1069. alistairconnor - 3/13/2013 5:30:02 PM

Apocalypso? I can dig that. Kurt Vonnegut is a major influence.

I am starting to imagine finishing the ongoing vampire thing, then starting from the beginning to clean it up. Plenty of people writing decent things in science fiction or cyberpunk, my angle is to be more mainstream, grounded in the real world.

1070. webfeet - 3/14/2013 1:55:51 AM

That probably is a good idea since the real world is already sci-fi. I mean, if you wrote about space colonization, nobody would blink an eye.
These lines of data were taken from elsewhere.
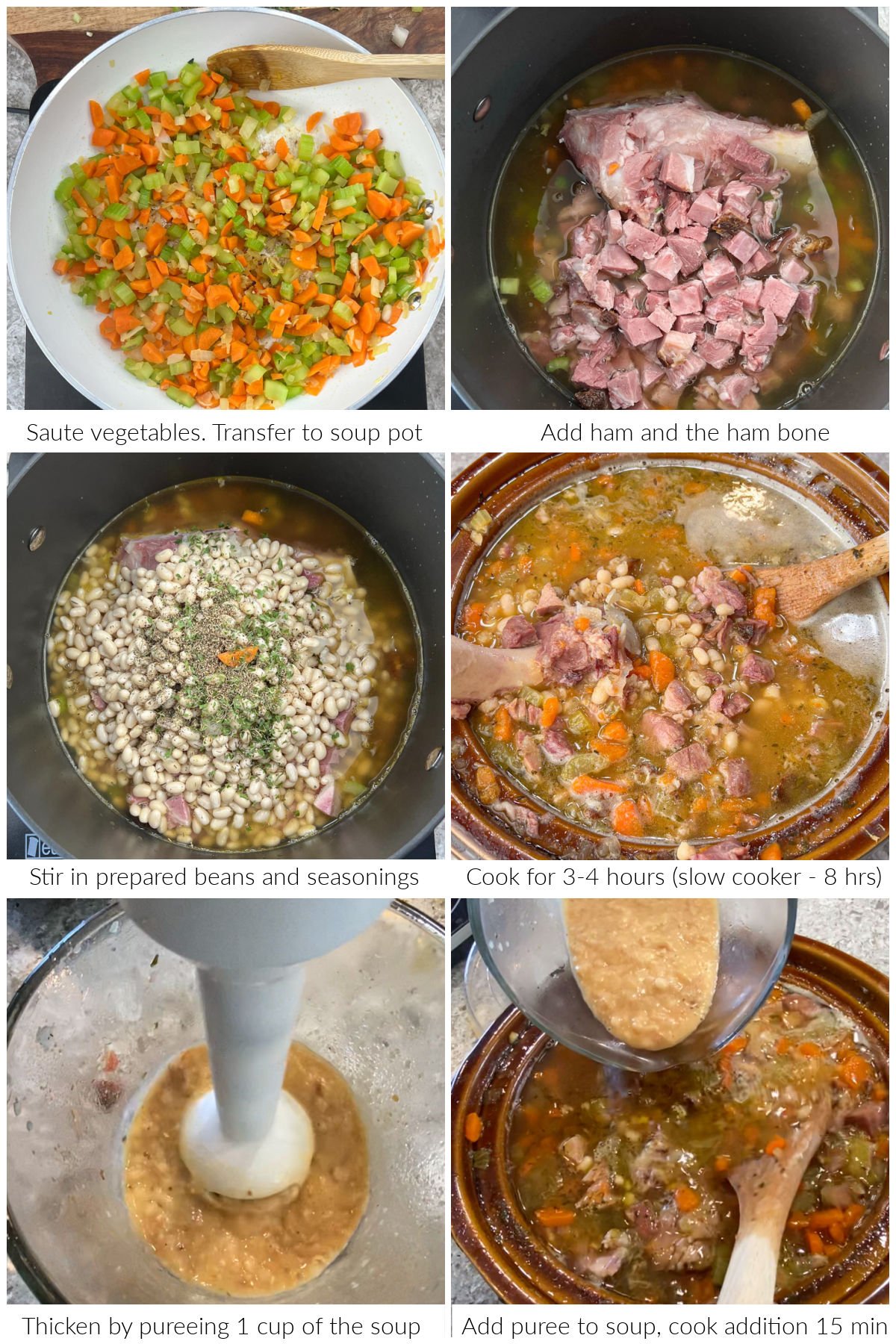 Step by step photos to prepare ham and bean soup.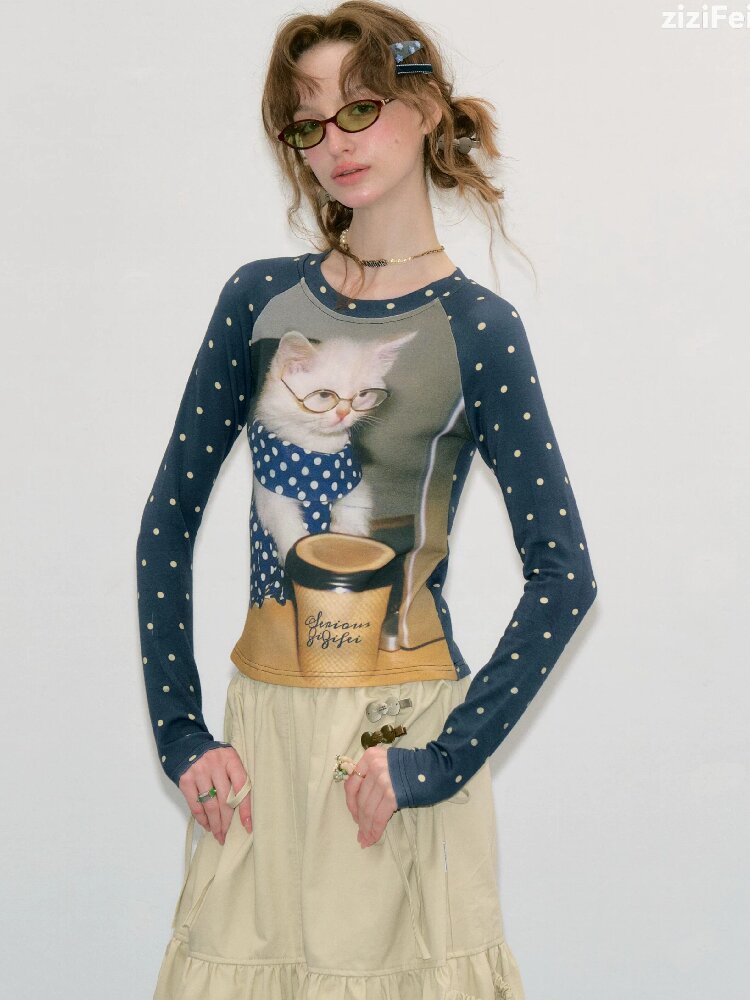 Navy Polka Dot Cat Print Shirt【s0000017894】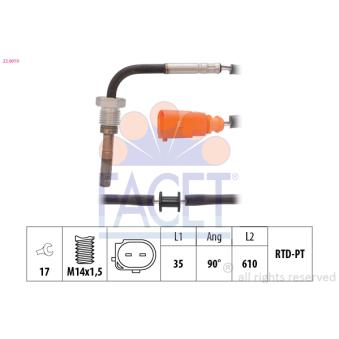 Capteur, température des gaz FACET OEM 03L906088HL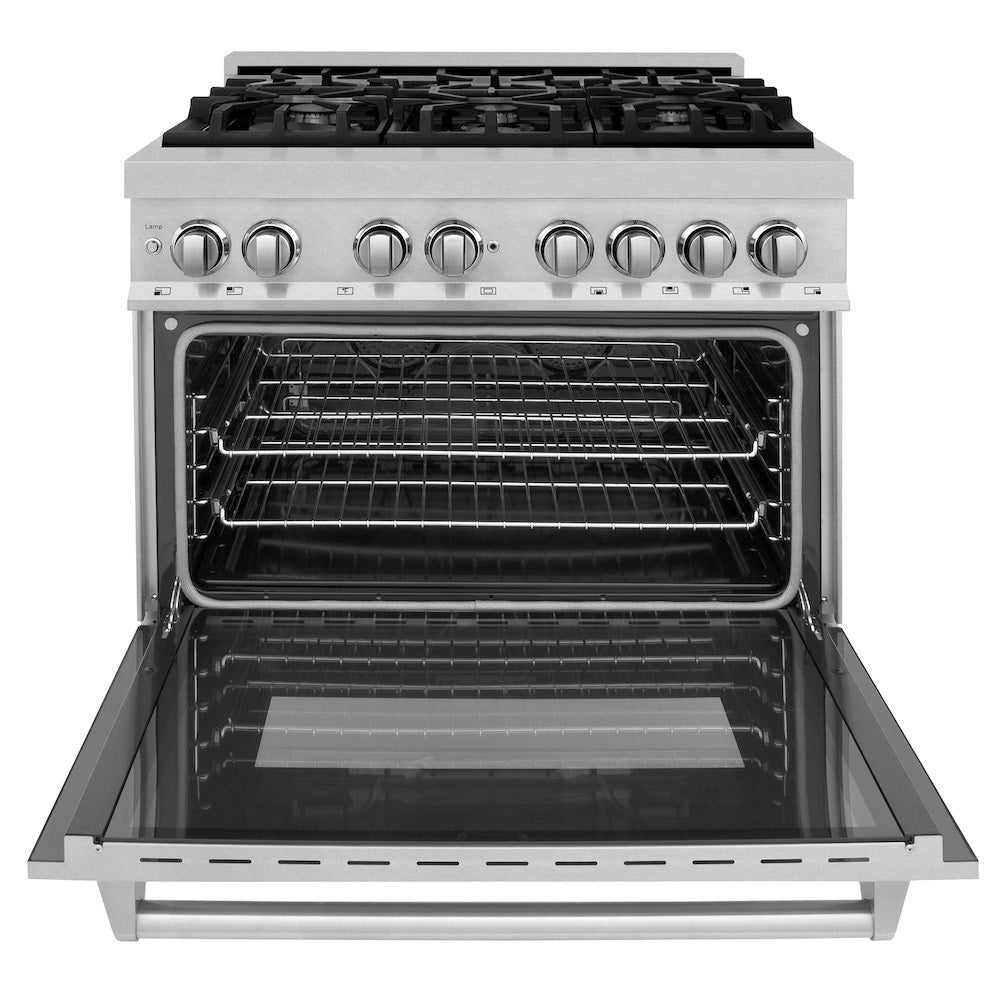 ZLINE 36 in. 4.6 cu. ft. Dual Fuel Range with Gas Stove and Electric Oven in Fingerprint Resistant Stainless Steel (RAS-SN-36) front, oven open.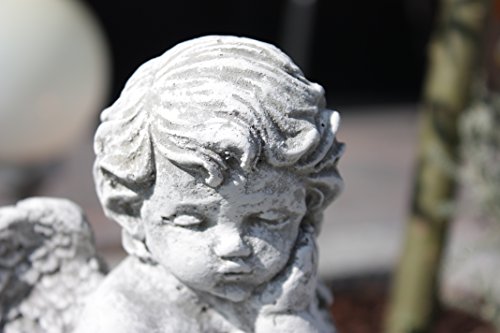 Grabschmuck Engel am Fels mit Inschrift, massiver Steinguss, frostfest - 4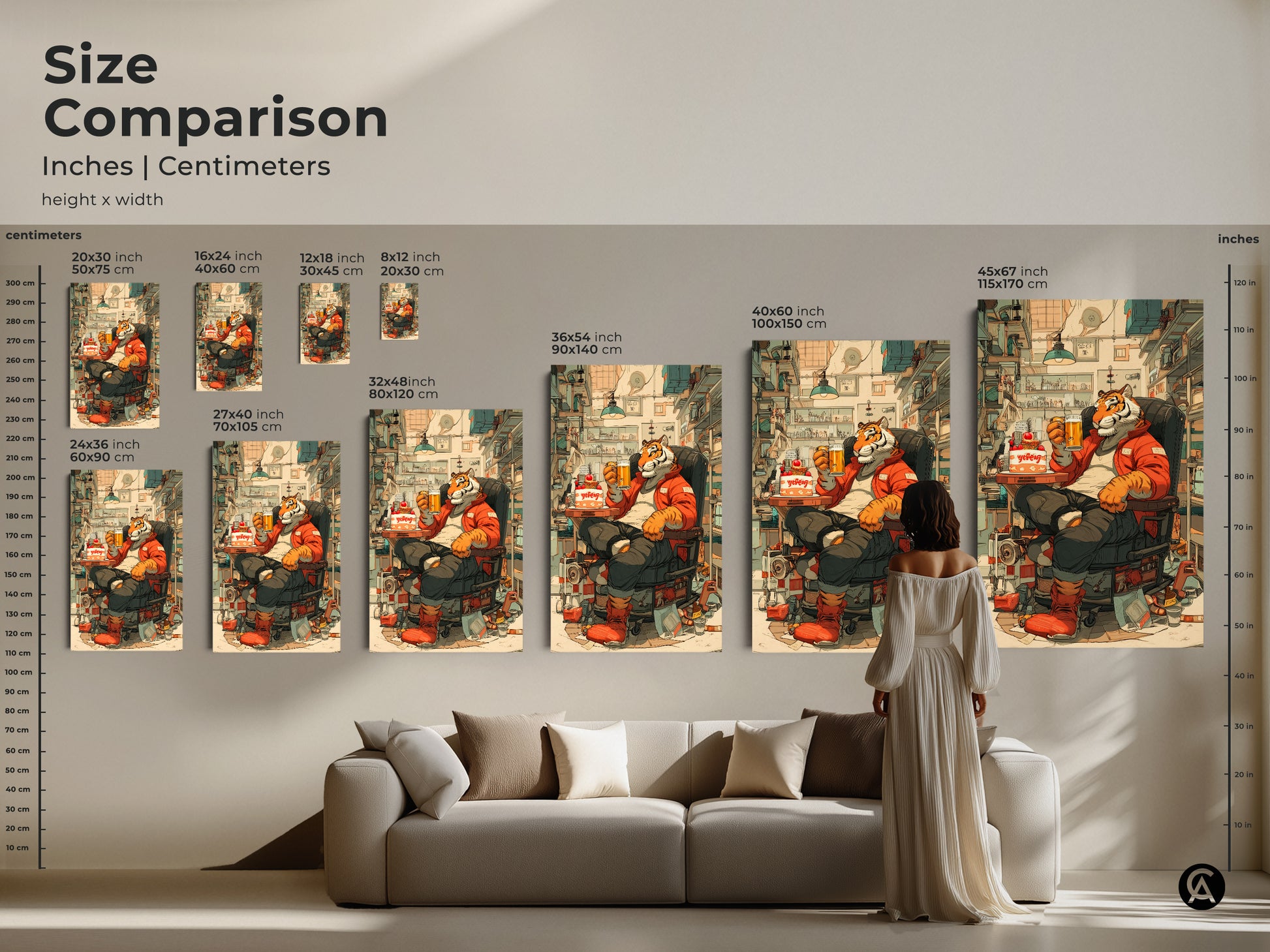 Size comparison of tiger artwork. Available in multiple sizes. This funny tiger illustration is ideal for eclectic home artwork. The cartoon animal wall art makes a unique gift for a friend. Find the perfect size for your space.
There's no reason why you can't do this since there are already talented, literate people out there who've built their professional lives in other fields and who are capturing what used to be fringe audiences with their work and turning it into gold. "Wool" is one of those strange phenomenons. Forget the author's name. Self published. Now mainstream.

Take Justin Cronin, the Rice University professor who write a vampire trilogy--, Rushdie is more glamorous (and maybe likes leggy. literate types or illiterate types) --but this is who you need to read!

A demain,

1071. thoughtful - 3/15/2013 1:49:14 PM

webbie, I still remember how much I enjoyed your tale of trying on dresses in the dress store....I think you should polish it up and send it to a fashion mag ... it was wonderful and I so related!

1072. Jenerator - 3/20/2013 9:25:35 PM

I love Brunellos!

1073. Jenerator - 3/20/2013 9:28:21 PM

Webfeet,

Just promise me this - that you will at some point post your blog or your essay or your book details here.

Deal?

1074. webfeet - 6/24/2013 5:55:41 PM

Alright, Im back. Its been a hellish two months which I will spare you.

However, there was a highlight from my trip to France in March I know you will all appreciate.

So my glamorous agent, K., has invited French cat and I to have lunch with her and her husband, at one of those pretentious, but jaw-droppingly beautiful villas in Eze Village, a stone throw from Monaco, with Cypress trees and the kind of plunging, Fitgerald-esque views that call up Jazz Age glamour and various dog-eared paperbacks over the last century.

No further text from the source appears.